IN UNA CONFERENZA stampa a meno di un’ora dall’accaduto, Blaha ha accusato «i progressisti del paese» e «i media liberali» di essere corresponsabili. Un riferimento al principale partito d’opposizione, Slovacchia Progressista e ai media non filogovernativi. Slovacchia Progressista ha annullato una nuova manifestazione prevista nella serata di ieri, ma le accuse lanciate da Blaha non sono estemporanee. Il governo slovacco sta per presentare al voto parlamentare una riforma dei media che prevede lo scioglimento della radiotelevisione di Stato, Rtvs. Il testo prevede la creazione ex novo di un Consiglio dei media, i cui nove membri saranno nominati dal parlamento, responsabile di scegliere il direttore del nuovo media pubblico. Un’ingerenza politica sulla libertà di stampa che ricalca quella di Viktor Orbán in Ungheria.

Il premier slovacco Robert Fico @Ap

LA FIGURA di Robert Fico ha caratterizzato l’intera storia politica di un paese divenuto indipendente nel 1993, con la dissoluzione della Cecoslovacchia. In quella neonata Slovacchia, il trentenne Fico diviene parlamentare dell’Sdl’, oggi disciolta formazione di sinistra, erede dell’ex partito comunista slovacco.

Fico rimane nell’Sdl’ sino al 1999, quando devia al centro creando Smer, ossia Direzione. La creatura di Fico diviene presto una delle principali formazioni politiche, all’insegna di un programma politico di centrosinistra ed europeista. Nel 2006, il partito, divenuto Direzione-Socialdemocrazia, si aggiudica le parlamentari e Fico diviene premier di un governo di coalizione. Un successo bissato nel 2010, ma destinato a durare poco.

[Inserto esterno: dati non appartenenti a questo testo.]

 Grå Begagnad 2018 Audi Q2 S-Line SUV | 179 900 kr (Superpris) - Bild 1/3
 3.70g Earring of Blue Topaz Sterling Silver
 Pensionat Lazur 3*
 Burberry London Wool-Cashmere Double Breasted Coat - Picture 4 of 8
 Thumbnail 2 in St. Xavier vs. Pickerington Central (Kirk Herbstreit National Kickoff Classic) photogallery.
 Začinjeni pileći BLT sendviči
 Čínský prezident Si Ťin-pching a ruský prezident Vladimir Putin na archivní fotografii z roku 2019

NELL’OTTOBRE 2011 non ottiene la fiducia del parlamento e deve dimettersi. Trascorsi due anni all’opposizione, Fico torna primo ministro nel 2012. Stavolta il risultato delle urne consente al suo partito di governare in solitaria. Il consenso convince Fico a candidarsi alla presidenza della Repubblica nel 2014. La scommessa non paga: il candidato indipendente Andrej Kiska lo sconfigge nettamente.

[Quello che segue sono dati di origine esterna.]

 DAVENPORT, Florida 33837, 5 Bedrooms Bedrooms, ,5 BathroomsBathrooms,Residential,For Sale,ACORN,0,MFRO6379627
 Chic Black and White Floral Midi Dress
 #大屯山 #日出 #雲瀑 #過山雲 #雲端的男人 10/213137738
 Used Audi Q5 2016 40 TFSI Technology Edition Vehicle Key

Le parlamentari del 2016, tuttavia, premiano ancora Direzione-Socialdemocrazia e Fico comincia il terzo premierato. Anche stavolta il suo governo non completa il mandato. Gli assassinii del reporter investigativo Ján Kuciak e della fidanzata Martina Kušnírová evidenziano i torbidi legami in Slovacchia tra potere politico e malavita organizzata, in particolare la ‘ndrangheta. Le manifestazioni di piazza successive al duplice omicidio chiedono giustizia e trasparenza: Fico si dimette nel marzo 2018.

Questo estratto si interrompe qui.